Partial Discharge Characterization of New Environmentally Friendly Insulating Liquids

Abstract

Unwanted breakdown of insulation is one of the primary challenges affecting the reliability of power systems. Liquid insulation is commonly used in power grids and subsea installations due to its preferred qualities, such as heat transfer and safety. Some insulating liquids have been available since the earliest times, and some have been proven to be harmful to humans, animals, and the environment. Consequently, the search for better candidates has always been ongoing. Unfortunately, the knowledge of the quality of the insulating liquids is insufficient since numerous phenomena related to electrical discharge and breakdown in insulating liquids happen unexpectedly, often surprising the personnel involved.

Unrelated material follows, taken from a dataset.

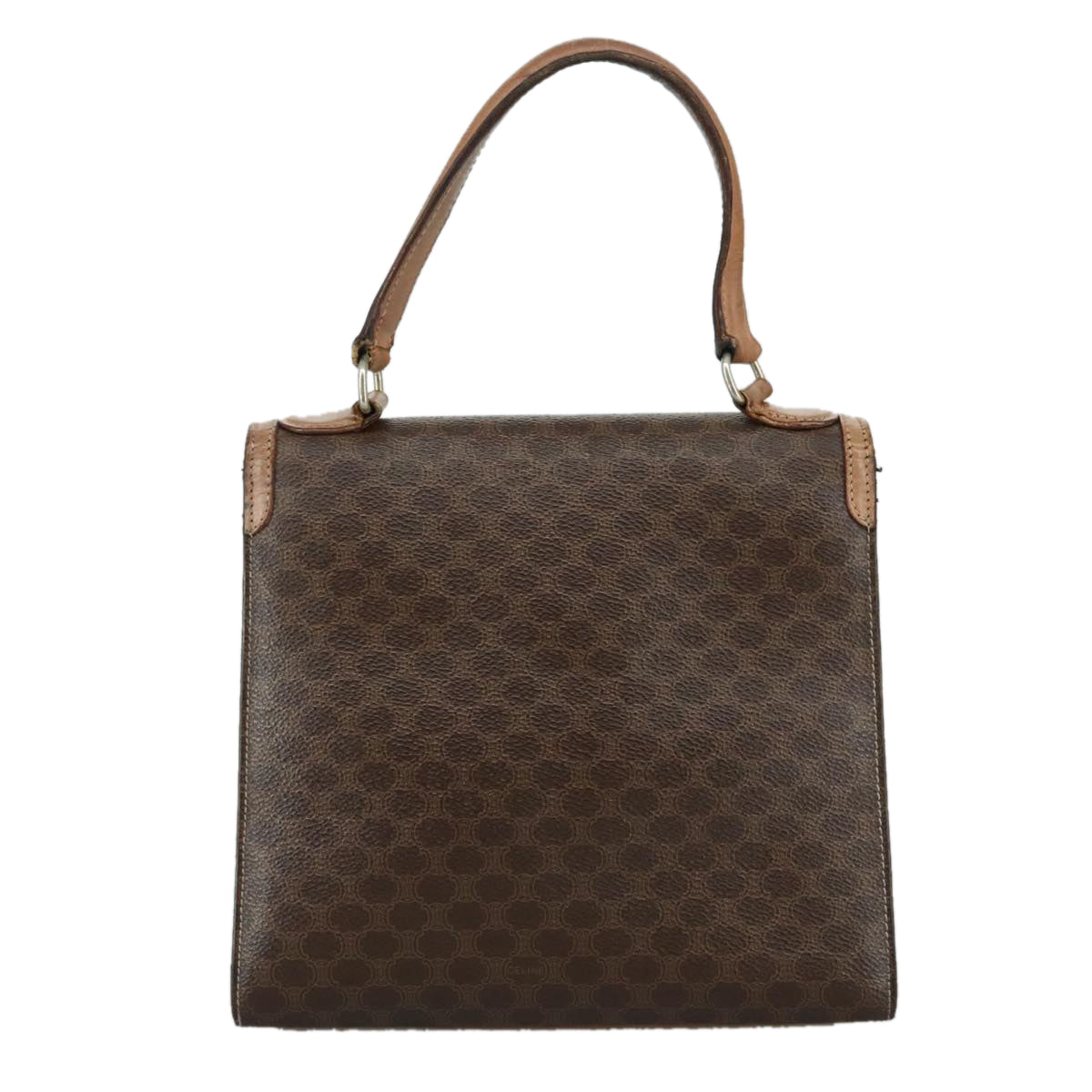CELINE Macadam Canvas Hand Bag PVC Leather 2way Brown Auth bs21088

Therefore, gaining a deep understanding of the breakdown physics of these liquids and mechanisms leading to the degradation of their dielectric properties is crucial. This understanding ensures that the new replacements are suitable for specific equipment. Partial discharge (PD), as one of the initial stages before breakdown and a major player in ageing the insulators, is the main focus of this work. One way to monitor a liquid’s insulation quality is through the Partial Discharge Inception Voltage (PDIV)
level. Based on PDIV measurements, there are defined standards, such as IEC 61294. This work is focused on investigating the behavior of different types of liquids under the AC voltage stress above and below the PDIV level to determine if the defined standards reflect the dielectric characteristics of each liquid properly. Three liquids have been examined, including two candidates from commonly used insulating liquids in electrical installations. Tests are performed in a needle-plane geometry under high-voltage AC stress. The same liquids and geometry have been used multiple times in previous studies under lower frequency AC voltage, yielding unexpected results. Therefore, this study aims to investigate deeper by testing the liquids at higher frequencies and comparing observations with previous results. The experimental setup used for this work includes a 20 kV resonance voltage source, and the needle-plane gap distance is 20 mm. The current flow from the plane to the needle is mostly capacitive in the range up to 100 nA, but space charges are proved to play a major role in the conductive component of the current. PD behavior has been found to relate to molecular structure and, in some cases, to the previous stresses, likely due to residual ions remaining from previous cycles. The presence and nature of space charges have been investigated carefully by testing liquids at higher frequencies below and above the PDIV level. Further, the test setup was facilitated, and half-cycle voltages were applied to involve only one polarity of space charges, and the differences were observed. Another part of this work involved the optical PD measurement method, which utilized two photomultiplier tubes (PMTs) and a coincidence circuit to filter out ambient dark noise. This method was employed alongside the well-known charge acquisition method to detect the initial PD pulses in the liquid. The results demonstrated a noteworthy difference between the two methods, prompting further investigation.